> WORK INSTRUCTIONS: Given the records below, would you repeat exactly the lines that begin at the one containing "Otto Solberg cutting" and end at the one containing "Maglietta nera a", inclusive?

== MATERIAL TO PROCESS

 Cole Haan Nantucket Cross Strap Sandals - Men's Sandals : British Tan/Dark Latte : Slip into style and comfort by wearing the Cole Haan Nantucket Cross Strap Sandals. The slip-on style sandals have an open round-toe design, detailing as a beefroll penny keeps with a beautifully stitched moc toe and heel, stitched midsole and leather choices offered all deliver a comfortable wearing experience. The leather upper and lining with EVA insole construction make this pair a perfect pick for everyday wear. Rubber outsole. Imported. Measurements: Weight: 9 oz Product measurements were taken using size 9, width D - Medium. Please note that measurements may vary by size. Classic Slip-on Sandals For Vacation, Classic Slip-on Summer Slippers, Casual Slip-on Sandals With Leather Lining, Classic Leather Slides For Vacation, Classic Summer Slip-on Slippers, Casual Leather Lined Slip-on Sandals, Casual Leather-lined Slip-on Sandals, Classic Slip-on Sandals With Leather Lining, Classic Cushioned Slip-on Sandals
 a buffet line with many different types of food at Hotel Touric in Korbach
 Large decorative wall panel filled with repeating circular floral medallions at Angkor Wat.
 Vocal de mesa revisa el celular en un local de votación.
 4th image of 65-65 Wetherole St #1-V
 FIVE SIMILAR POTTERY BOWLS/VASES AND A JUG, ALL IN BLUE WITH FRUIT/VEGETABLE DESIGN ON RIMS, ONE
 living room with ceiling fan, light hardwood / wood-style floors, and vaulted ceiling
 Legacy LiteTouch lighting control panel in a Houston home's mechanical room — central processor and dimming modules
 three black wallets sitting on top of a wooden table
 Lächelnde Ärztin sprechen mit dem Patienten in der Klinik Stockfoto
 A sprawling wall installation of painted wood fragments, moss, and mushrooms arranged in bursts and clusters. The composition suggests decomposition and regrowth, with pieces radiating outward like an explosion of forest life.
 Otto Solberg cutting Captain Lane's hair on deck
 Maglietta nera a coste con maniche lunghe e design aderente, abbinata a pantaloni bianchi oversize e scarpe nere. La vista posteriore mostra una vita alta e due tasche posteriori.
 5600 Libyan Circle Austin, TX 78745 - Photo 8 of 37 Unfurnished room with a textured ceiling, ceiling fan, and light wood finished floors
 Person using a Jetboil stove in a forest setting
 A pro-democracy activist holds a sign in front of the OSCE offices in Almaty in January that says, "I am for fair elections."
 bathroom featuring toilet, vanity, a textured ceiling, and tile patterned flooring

====

> TASK ANSWER:
 Otto Solberg cutting Captain Lane's hair on deck
 Maglietta nera a coste con maniche lunghe e design aderente, abbinata a pantaloni bianchi oversize e scarpe nere. La vista posteriore mostra una vita alta e due tasche posteriori.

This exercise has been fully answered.